THE RECORDS below:

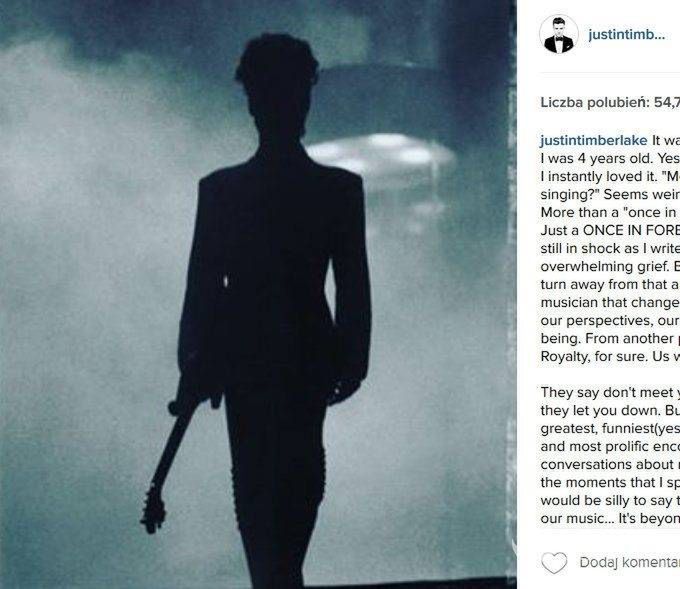 Justin Timberlake żegna Prince'a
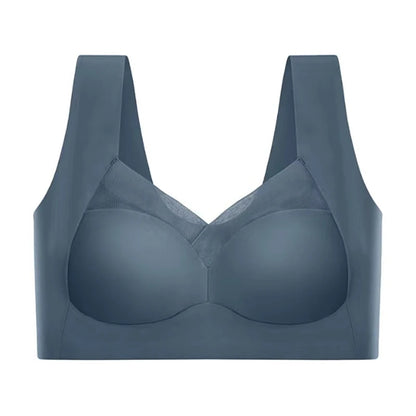 Plus Size Bra For Women Seamless Push Up Backless Bralette Wide Band Breathable Gathered Beauty Back Bras
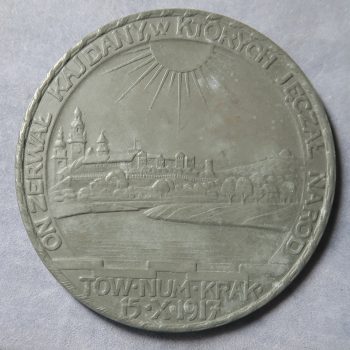 Poland 1917 Zinc medal Tadeusz Kosciuszko 1746-1817 centenary of patriot by Wyzocki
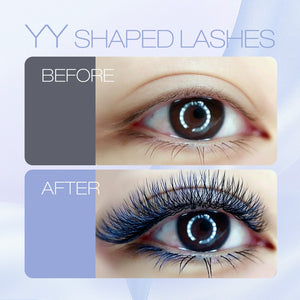 Blue+Black YY Shape Premade Volume Fan Lashes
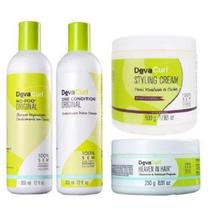 Deva Curl Shampoo No-Poo+Condicionador One Condition 355ml+Heaven in Hair Tratamento 250ml+Creme Modelador 500ml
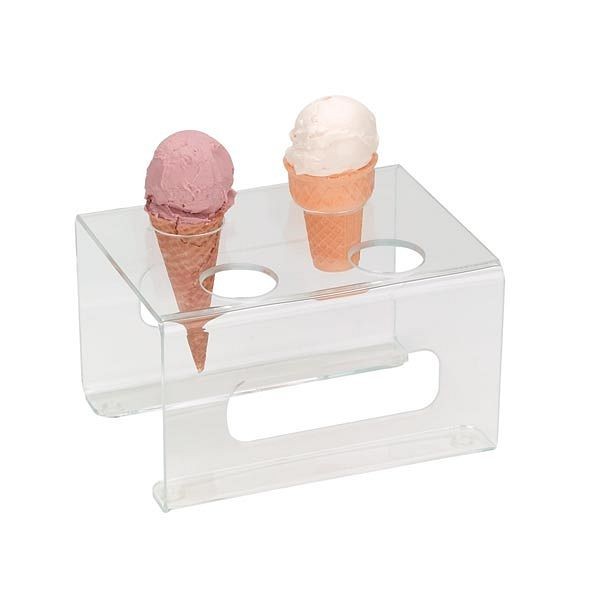 Dispense Rite Four section cone stand - 1-5/8" holes - Clear Acrylic, CTCS-4C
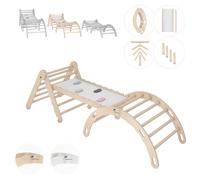 Kit d'escalade indoor, triangle d'escalade avec toboggan en bois, arc d'escalade, bébé enfant escalade, bascule arc-en-ciel avec toboggan, arc en bois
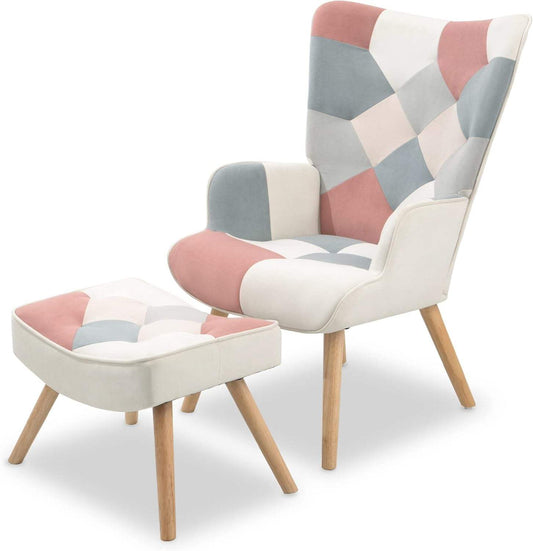 Pink Gray Patchwork Accent Chair with Ottoman Set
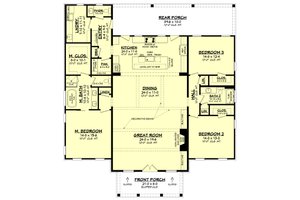 Floor Plan - Main Floor for Farmhouse House Plan #430-279 - 3 bed, 2.5 bath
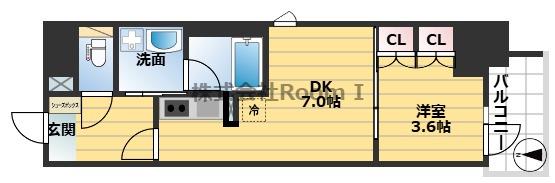 K-COURT谷町四丁目(1DK/9階)の間取り写真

End of THE RECORDS.

Without the pictures, retype all of the data above exactly.

 Justin Timberlake żegna Prince'a
 Plus Size Bra For Women Seamless Push Up Backless Bralette Wide Band Breathable Gathered Beauty Back Bras
 Poland 1917 Zinc medal Tadeusz Kosciuszko 1746-1817 centenary of patriot by Wyzocki
 Blue+Black YY Shape Premade Volume Fan Lashes
 Deva Curl Shampoo No-Poo+Condicionador One Condition 355ml+Heaven in Hair Tratamento 250ml+Creme Modelador 500ml
 Dispense Rite Four section cone stand - 1-5/8" holes - Clear Acrylic, CTCS-4C
 Kit d'escalade indoor, triangle d'escalade avec toboggan en bois, arc d'escalade, bébé enfant escalade, bascule arc-en-ciel avec toboggan, arc en bois
 Pink Gray Patchwork Accent Chair with Ottoman Set
 Floor Plan - Main Floor for Farmhouse House Plan #430-279 - 3 bed, 2.5 bath
 K-COURT谷町四丁目(1DK/9階)の間取り写真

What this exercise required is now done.